Zotero Insights:  When you read papers, you can take notes in Zotero on a PDF. This project extracts all your notes (or annotations) and puts it into a machine-readable format, and creates reports and analyses of your notes!

Citation Gecko: a way to find more relevant papers to read using citation data, and finds papers you may have missed.

Abstract Babel: what it sounds like! Translate abstracts to different languages . I don’t speak any other languages, but they say the translations are solid!

Funda: a project roadmap for teaching web literacy in South Africa. 

 

#reproduceit

New technology has made our science experiments a little more complicated. We’re collecting a ton of data, and we write a lot of custom programs to crunch the numbers and make inferences. It turns out that sometimes what works on your computer won’t work on someone else’s! It can take a lot of CS skills to get the same analysis running on your computer, and that really slows us down. The following tools can help address this:

Reproducible computational research: a case study that shows reproducible computational neuroscience research using Popper and Sumatra .

Project Trackbook: an open lab notebook that “gives researchers an interface to securely share and version control files in a decentralized network”.
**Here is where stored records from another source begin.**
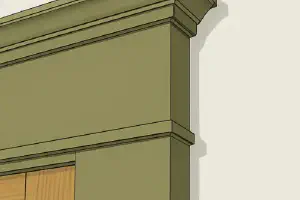 Trim Joint Gaps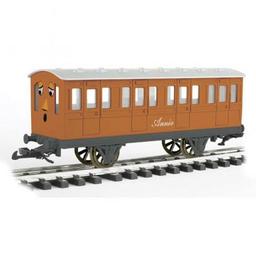 Click here to learn more about the Bachmann Industries G Annie.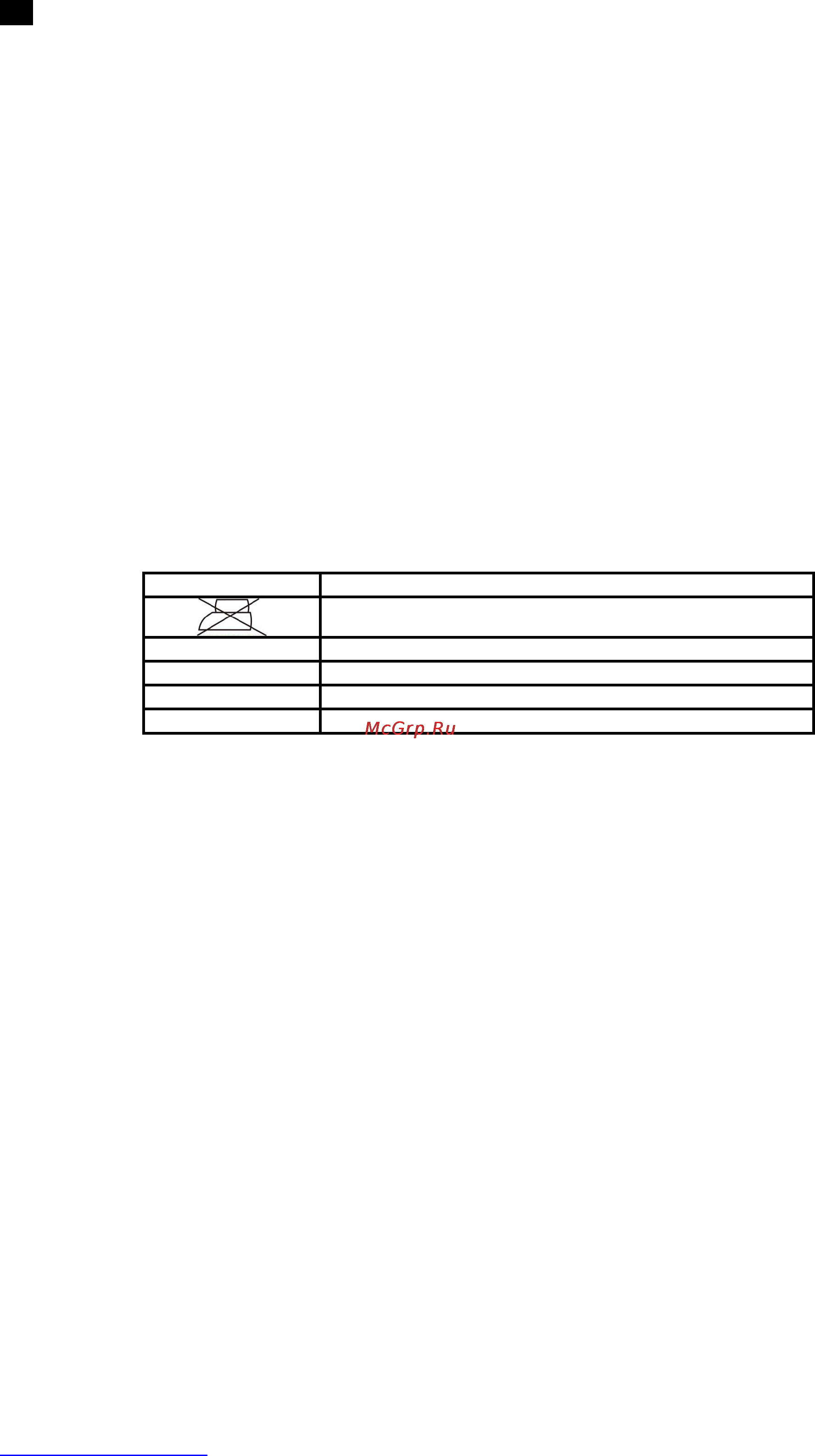 Scarlett SC-338S [4/29] Gb instruction manual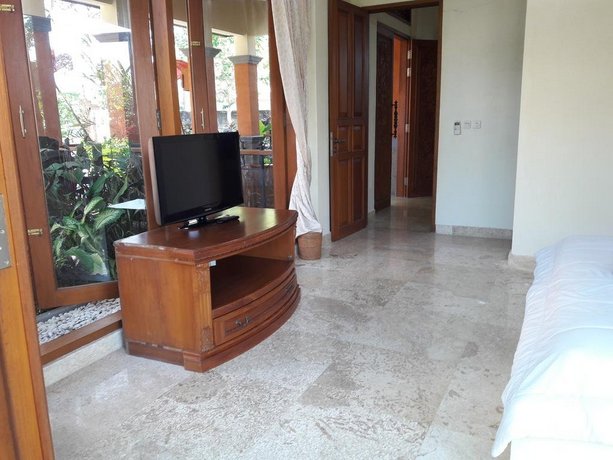 Ubud Cantik House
Jupyter + Stencila: combines some great tools: the Stencila editor, the Jupyter notebook, and mybinder, to create “interactive, reproducible, and transparent” scientific articles!

 

#sanitycheck

Project Octopus: This was probably the biggest group at the sprint, and covers both the #sanitycheck and #sharetheknowledge. On the octopus platform, you’ll be able to review other scientist’s work, and get credit for doing so! You should also checkout the blog on their website, which does a great job explaining in depth the problems we face in science, and how octopus can help.
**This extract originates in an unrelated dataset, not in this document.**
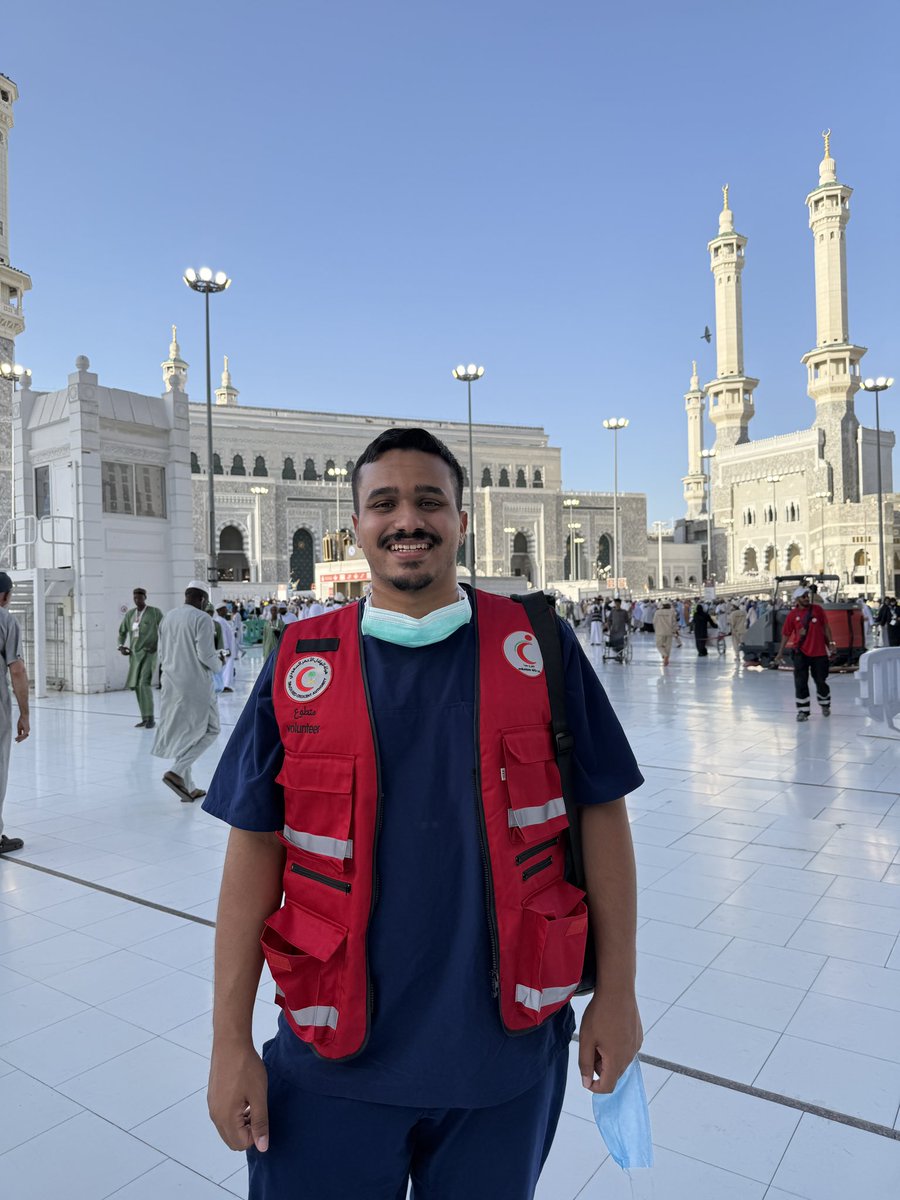 Alwaleed Almouzan tweet media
PREreview: “Putting the ‘peer’ back into peer review!” Many scientists have started to upload their manuscripts to preprint servers, so that scientists can access the information before the lengthy peer-review and publication process. And this is really great for authors! For example, here is a preprint on how preprints that are posted before conference submission garner more citations than those posted after. PREreview is a platform for the “collaborative writing of preprint reviews” 🙂 I found a very useful blog post on their site on guidelines for writing a preprint review

 

#sharetheknowledge

Project Octopus: On the octopus platform, all published work will be open to everython, and as a scientist, you’ll be able to “publish your hypotheses, methods, results and analyses in Octopus as you produce them, in whatever language you are most comfortable in”.
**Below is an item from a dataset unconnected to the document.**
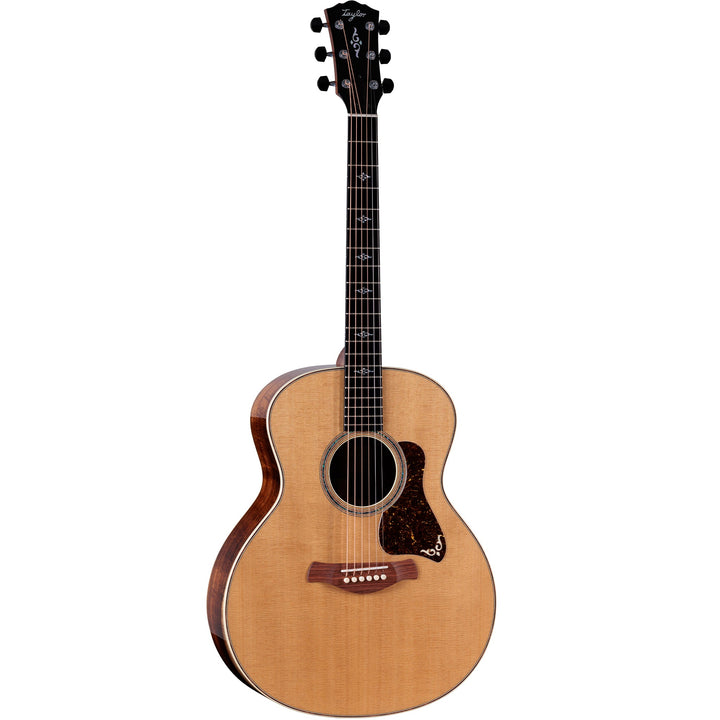 Taylor Gold Label Collection 814ce Super Auditorium Acoustic-Electric Natural Koa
Plaudit: It would be great if the value of the paper was not dependent on journal status, but instead on the quality of the work! Plaudit lets you publicly endorse an article, so that scientists don’t have to worry about whether your article is published in a name brand journal, and it incentivizes open publishing and publishing preprints.

Conclusions

Sometimes I feel really pessimistic about science, because of how inefficient and unfair it can be. But all the amazing participants at the eLifeSprint showed me that 1) SO many people care about these issues, 2) people have brilliant ideas and prototypes to address these issues, and 3) how many tools already exist, that I just didn’t know about until I attended the sprint (I was excited to learn about the amazing openaccessbutton.org API). Overall I left feeling very optimistic about the future of science! Thanks to Naomi Penfold and eLife for organizing this amazing event, and especially, thanks to OBF for the travel award so that I could attend!